The old Kikuyu elder leaned forward on his stick toward us. “When the British controlled this valley, we couldn’t send our children to school. They had to work in the fields to pick pyrethrum on the plantations. For a long time after independence, there was only one school in this valley, and many children never went to school. Now, in these times, we sit here together as equals, black and white. There are many schools in the valley and when we don’t send our children to school, the authorities come to our houses to find out why, and to compel us to send them. Life is better now. God has indeed done a good thing.”

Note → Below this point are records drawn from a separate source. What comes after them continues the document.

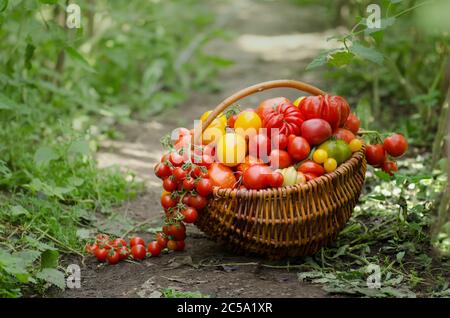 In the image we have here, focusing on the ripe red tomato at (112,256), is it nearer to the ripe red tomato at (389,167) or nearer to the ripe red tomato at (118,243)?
the ripe red tomato at (118,243)

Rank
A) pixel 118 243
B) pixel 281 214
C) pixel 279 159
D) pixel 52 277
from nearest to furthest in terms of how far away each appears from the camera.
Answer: pixel 52 277
pixel 281 214
pixel 279 159
pixel 118 243

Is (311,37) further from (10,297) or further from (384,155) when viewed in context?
(10,297)

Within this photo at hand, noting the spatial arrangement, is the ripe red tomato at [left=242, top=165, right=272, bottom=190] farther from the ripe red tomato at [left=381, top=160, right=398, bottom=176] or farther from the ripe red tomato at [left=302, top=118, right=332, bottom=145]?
the ripe red tomato at [left=381, top=160, right=398, bottom=176]

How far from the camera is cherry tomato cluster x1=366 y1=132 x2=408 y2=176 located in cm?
302

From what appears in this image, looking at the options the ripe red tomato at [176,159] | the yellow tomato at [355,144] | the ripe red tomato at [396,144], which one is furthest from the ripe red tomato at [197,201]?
the ripe red tomato at [396,144]

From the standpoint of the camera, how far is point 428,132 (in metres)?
4.48

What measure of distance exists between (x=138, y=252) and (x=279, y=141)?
849mm

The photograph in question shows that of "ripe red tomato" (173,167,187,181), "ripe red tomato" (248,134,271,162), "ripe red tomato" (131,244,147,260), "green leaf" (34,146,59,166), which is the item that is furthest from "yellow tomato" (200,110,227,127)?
"green leaf" (34,146,59,166)

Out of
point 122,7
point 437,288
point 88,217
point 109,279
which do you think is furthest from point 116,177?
point 122,7

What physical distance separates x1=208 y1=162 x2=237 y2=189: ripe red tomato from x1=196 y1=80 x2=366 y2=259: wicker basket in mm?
47

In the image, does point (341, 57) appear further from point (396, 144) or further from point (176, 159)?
point (176, 159)

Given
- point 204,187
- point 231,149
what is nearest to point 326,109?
point 231,149

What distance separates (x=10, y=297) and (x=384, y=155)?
182 cm

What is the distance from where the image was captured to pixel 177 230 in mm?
2918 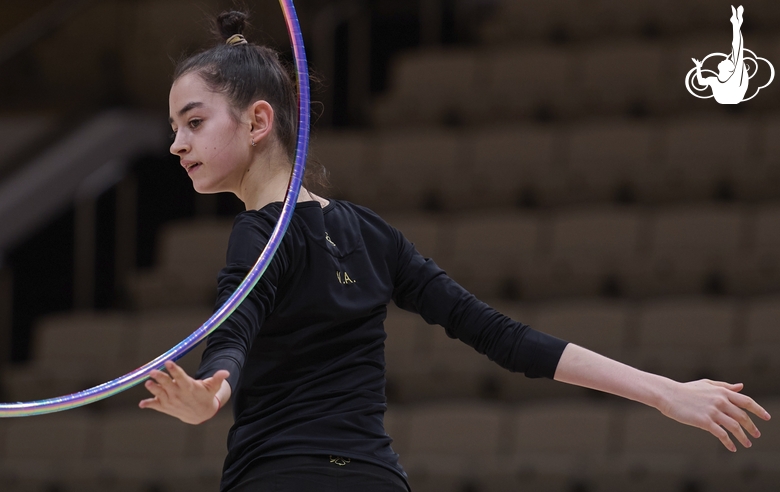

I sat there, on a plastic chair in the sunshine, in front of a snug house surrounded by lush fields of cabbages, kale and maize, backed by a small forest and listened. I had driven, with 4 others from the Education Beyond Borders team, on a rutted track across the dusty, dry floor of the great Rift Valley, and up the Eburu Mountains on the other side to reach this beautiful place, to be there with these people on a Saturday morning in August. So I sat there and listened.
And I thought, ‘Yes, this is why I came here, not just to this valley this morning, but to Kenya, and why I relate so strongly to EBB’s vision of teachers connecting with teachers.’ Education is the single biggest factor in improving the standard of living of a community. It empowers people, it gives them independence and more options for their future. It results in healthier mothers and children and plays a vital role in combating crises such as environmental degradation and HIV/AIDS. As a Canadian teacher from Toronto, I don’t have the answers to Kenya’s poverty, environmental, educational and health care challenges. But by working side by side with local teachers, training and empowering them to train others, I am part of something that will continue to address those challenges.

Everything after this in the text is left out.